Poco después, sin embargo, habiéndose agudizado la mala relación que desarrolló el marqués de Villena con el papa Clemente VIII, a éste solicitó a Felipe III, en 1605, que volviese a enviar a Sessa como embajador en Roma por segunda vez. Falleció poco después el Papa y también su efímero sucesor León XI, con lo que el proyecto no se vio realizado; en cualquier caso no hubiera tenido efecto por cuanto el duque murió al año siguiente, 1606 en Valladolid. Dejó deudas por valor de 80.000 ducados, según referencia de Cabrera de Córdoba. Fue primeramente sepultado en el monasterio del Carmen Descalzo de Valladolid y trasladado luego a la capilla mayor de su convento de Dominicas de Baena.

Había casado el 19 de julio de 1578 con su prima segunda Juana Fernández de Córdoba, Cardona y Aragón, hija de Diego Fernández de Córdoba, III marqués de Comares y alcaide de los Donceles y gobernador de Orán, y de Juana de Aragón Folch de Cardona, IV duquesa de Segorbe y de Cardona, condesa de Ampurias y de Prades, marquesa de Pallars, “cuya virtud cristiana, valor propio y heredado y cortesía general puede servir de norma y dechado a cualquiera que deseare perfección cristiana”, a juicio de lo referido por Vicente Espinel en su Vida del escudero Marcos de Obregón.

Fernández de Córdoba fue consejero de Estado y de Guerra y gran almirante de Nápoles. Había acumulado los títulos de V duque de Sessa, de Andria y Santángelo, IV de Soma y III de Baena, VII conde de Cabra y de Palmaos y de Oliveto, de Avellino y de Trivento, vizconde de Iznájar, barón de Bellpuig, Liñola y Calonge, además de varios señoríos (Villa Mencía, Rute, Zambra). Era comendador de la Orden de Calatrava en sus casas de Sevilla y Niebla. El papa Clemente VIII confirmó, en sendas Bulas de 1592 y 1596, los privilegios de la Santa Sede disfrutados por sus antepasados.

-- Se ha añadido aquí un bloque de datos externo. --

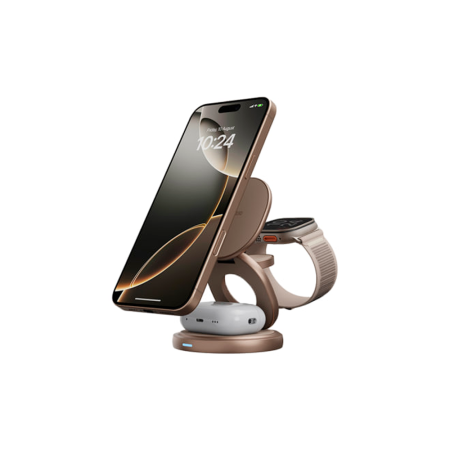 EnergEA БЗУ GoMag Gyre 3 в 1 15W MagSafe (золотой) GM-GYRE360-GLD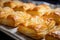 Golden Puff pastry bakery food. Generate Ai
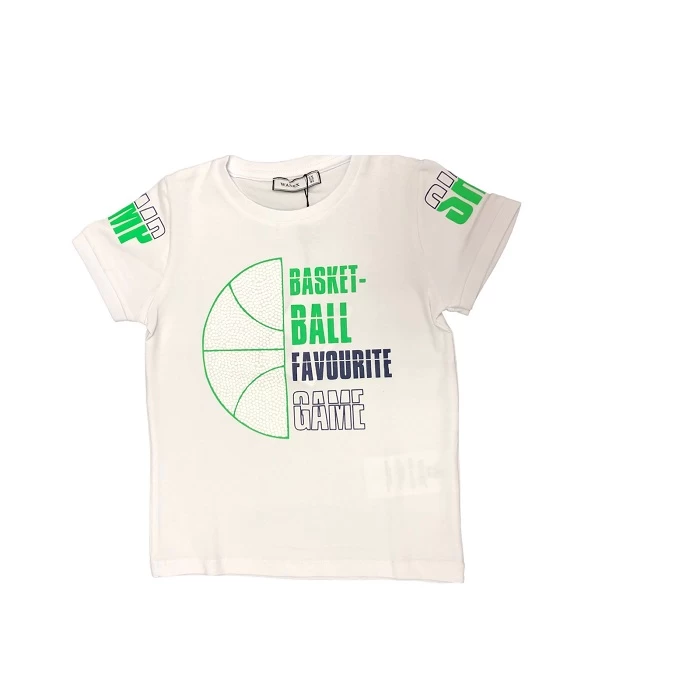 Majica bela 15365 - majica za dečake Basket 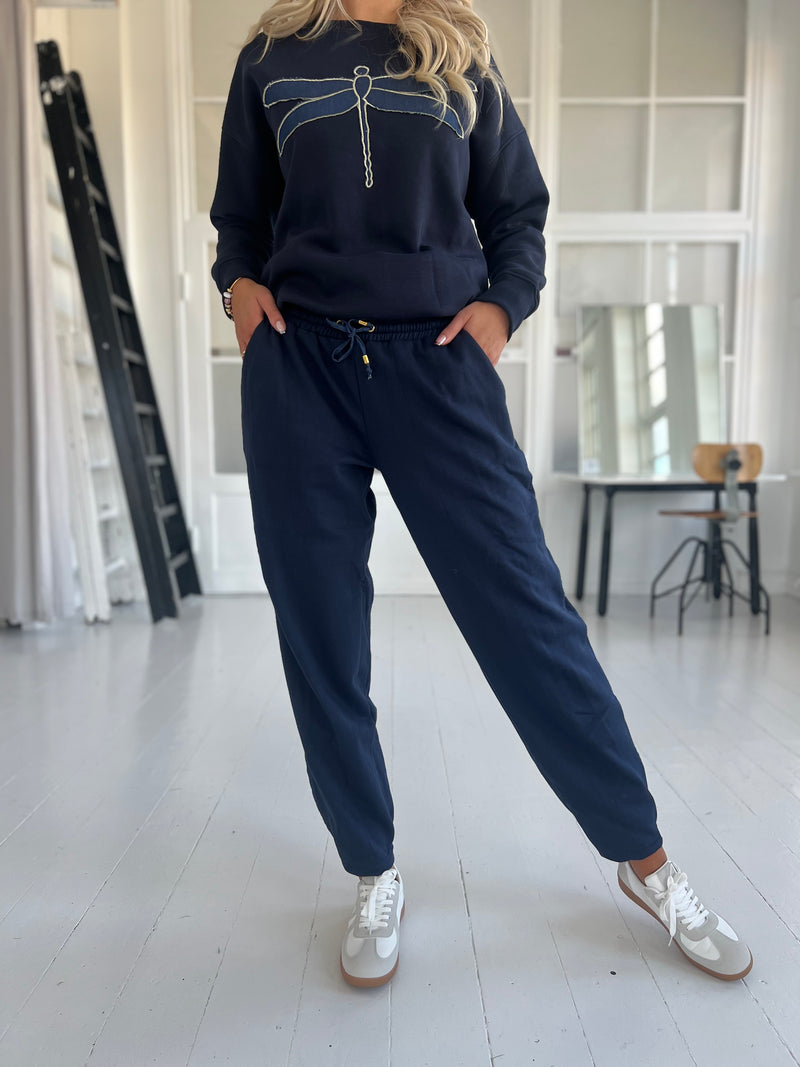 Gaspar Fiji sweatpants blue (7913)-bukser-Aaberg Copenhagen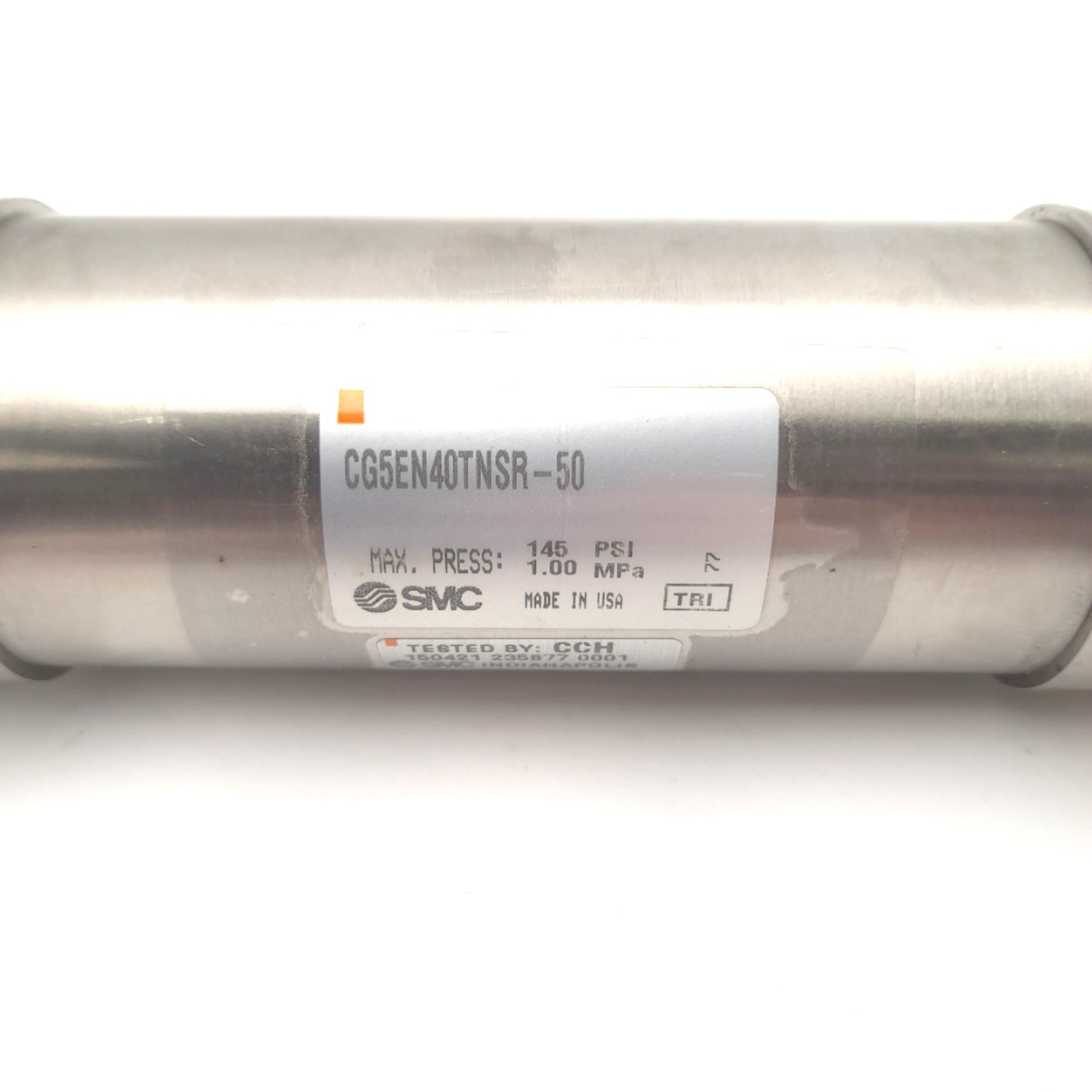 New SMC CG5EN40TNSR-50 Pneumatic Cylinder Double Acting Single Rod 145 Psi 1/8" NPT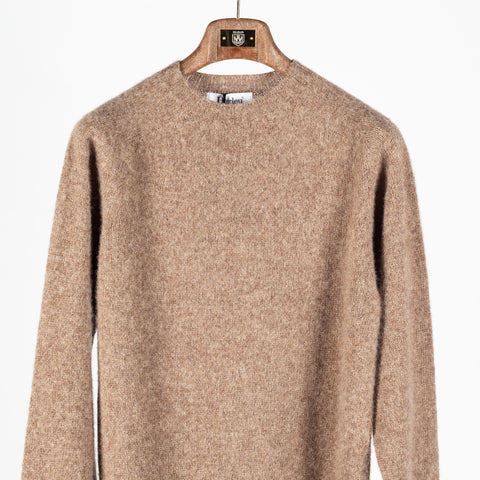 Harley of Scotland Tundra Shaggy Crew Neck Sweater 6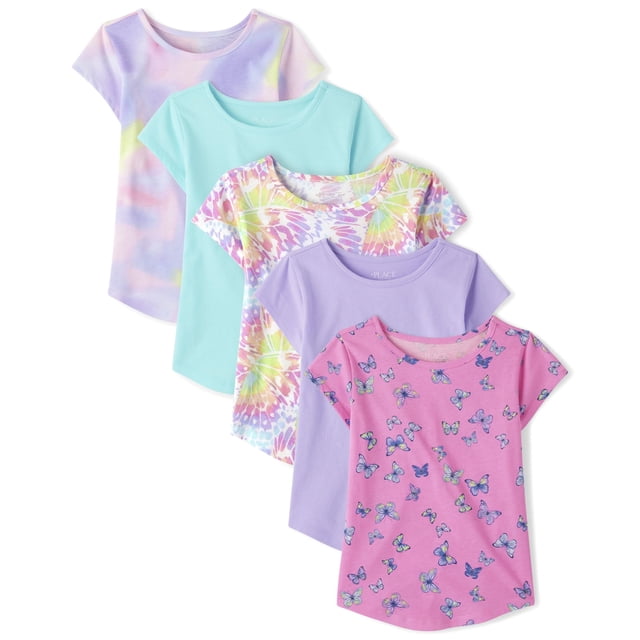 Camiseta The Children's Place Shirttail Tee para niñas Beach Plum
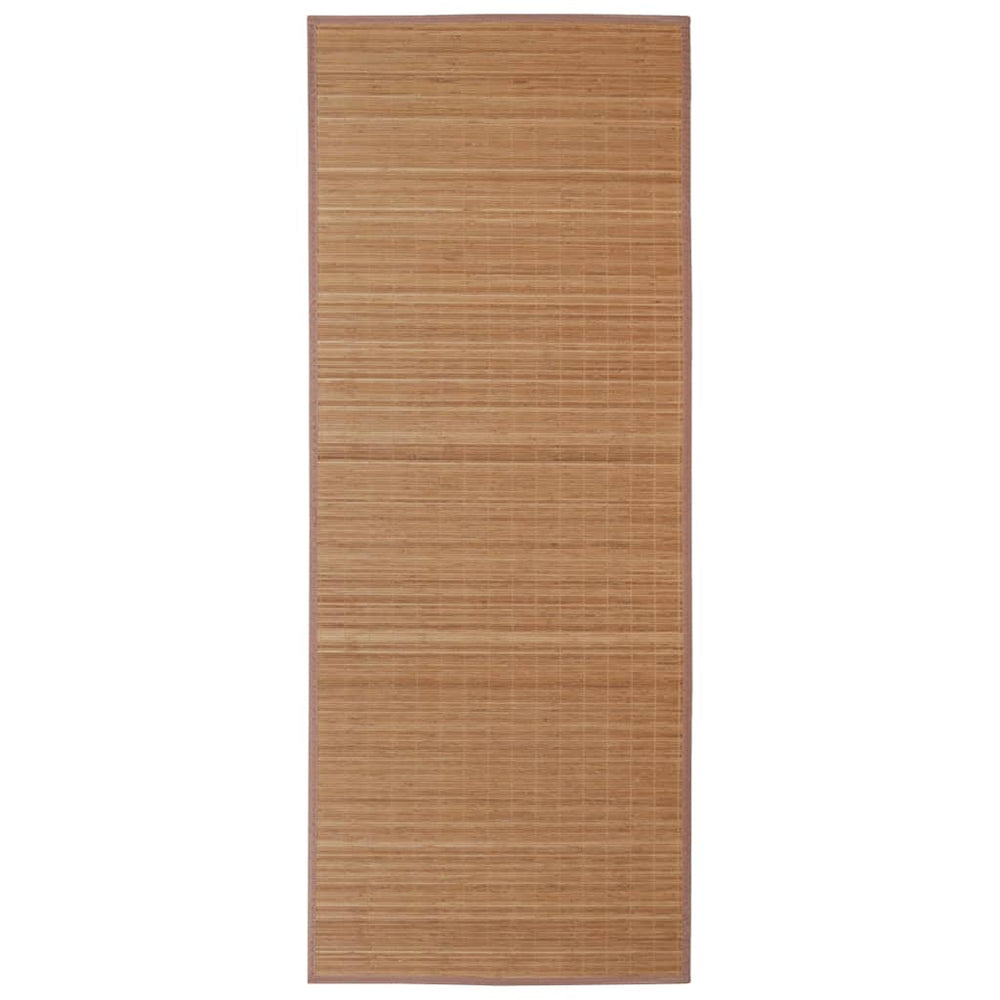 Carpet Bamboo Brown Rectangular 80x300 cm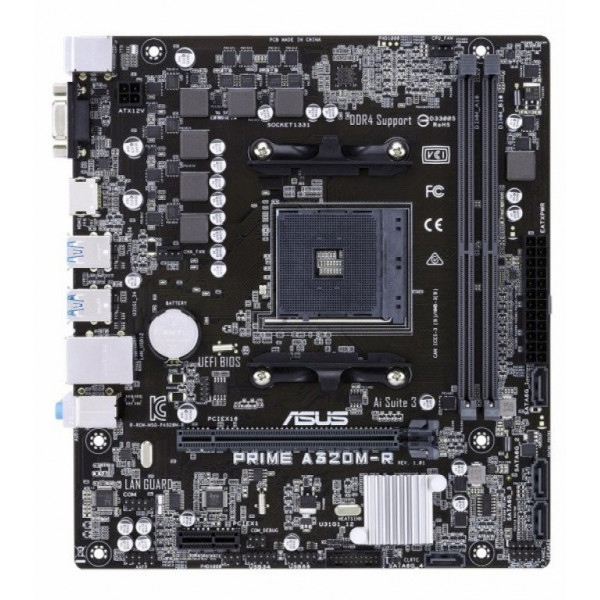 Материнська плата Asus PRIME A320M-R-SI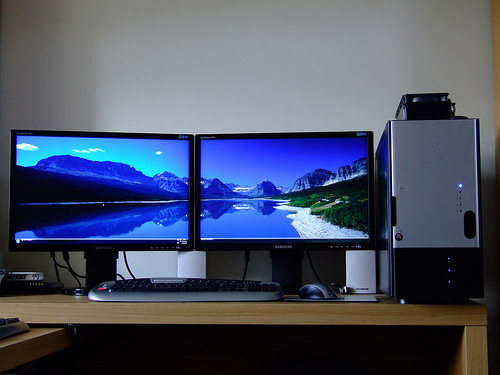 Desktop Auf 2 Monitore Erweitern Vista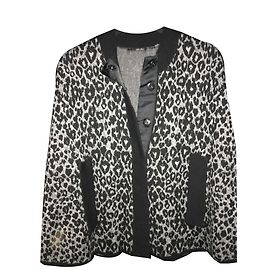 Liu.Jo Kap LIU Jo Dark Jungle Pullover Anthrazitgrau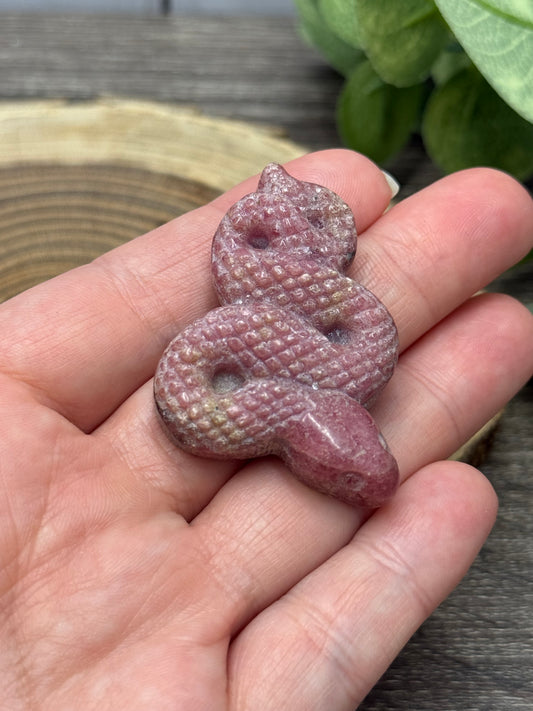 Snakes - Rhodonite and chevron amethyst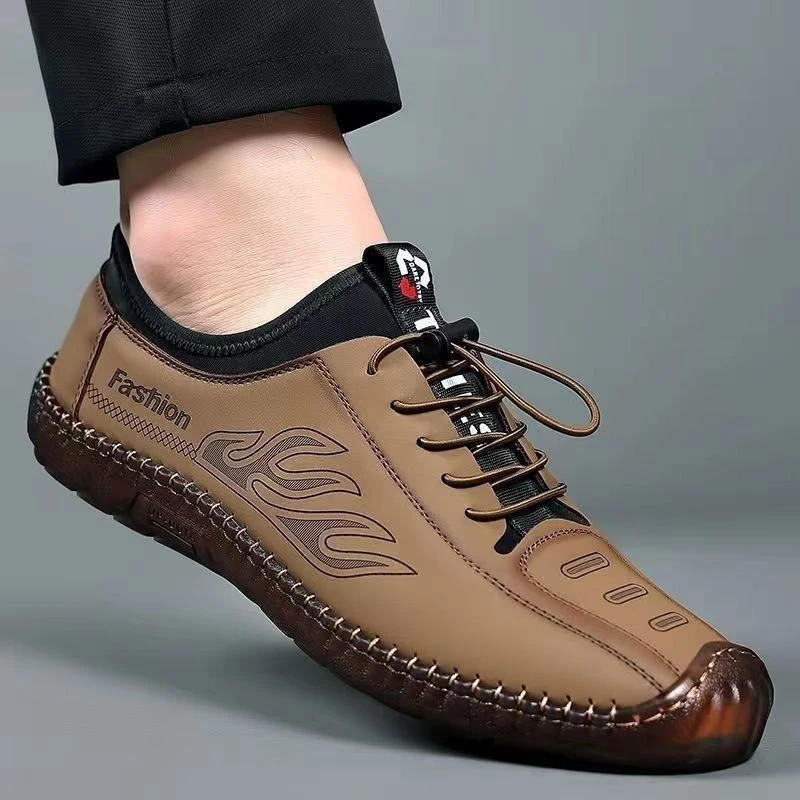 【真皮牛皮】特价处理皮鞋厚底防滑商务防臭男款男士鞋子一脚蹬软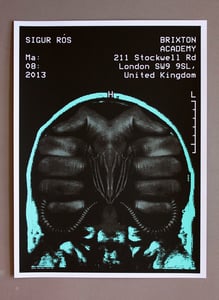 Image of Sigur Ros poster Brixton Academy 03/08/13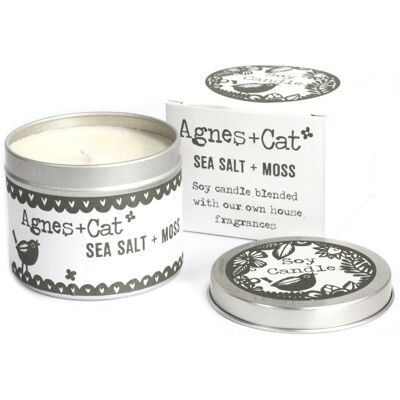 ANCIENT WISDOM 200 g Wegańska Sojowa Świeczka w Puszce i Pudełku Ozdobnym - Seasalt and Moss ANCIENT WISDOM 200 g Wegańska Sojowa Świeczka w Puszce i Pudełku Ozdobnym - Seasalt and Moss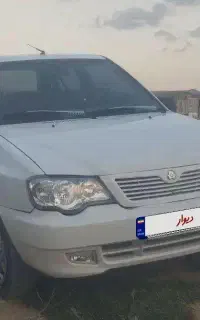پراید 132 سفید درحد خشک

Heredó los varios títulos su hijo Luis, VI duque de Sessa.

 

Bibl.: F. X. Garma y Salcedo, Theatro universal de España: descripcion Eclesiastica y Secular de todos sus Reynos, y Provincias en General y Particular [...], t. IV, Madrid, 1751, pág. 71; F. Fernández de Bethencourt, Historia Genealógica y Heráldica de la Monarquia Española Casa Real y Grandes de España, vol. VII, Madrid, Enrique Teodoro, 1897-1920, págs. 109- 119 (ed. en Sevilla, Fabiola de Publicaciones Hispalenses, 2001-2003, 10 vols.); L. Pastor, Historia de los Papas desde fines de la Edad Media, vol. XXI: Sixto V (1585-1590), Barcelona, Gustavo Gili, 1910-1952; M. González-Hontoria, Los embajadores de Felipe II junto a la Silla Apostólica (Conferencia en la Escuela Diplomática), Madrid, 1944; F. Barrios, El Consejo de Estado de la Monarquía Española, Madrid, Consejo de Estado, 1984, págs. 343-344; M. Á. Ochoa Brun, Historia de la Diplomacia Española, Madrid, Ministerio de Asuntos Exteriores, vol. VI (2000), págs. 218 y ss.; vol. VII (2006), págs. 159 y 162.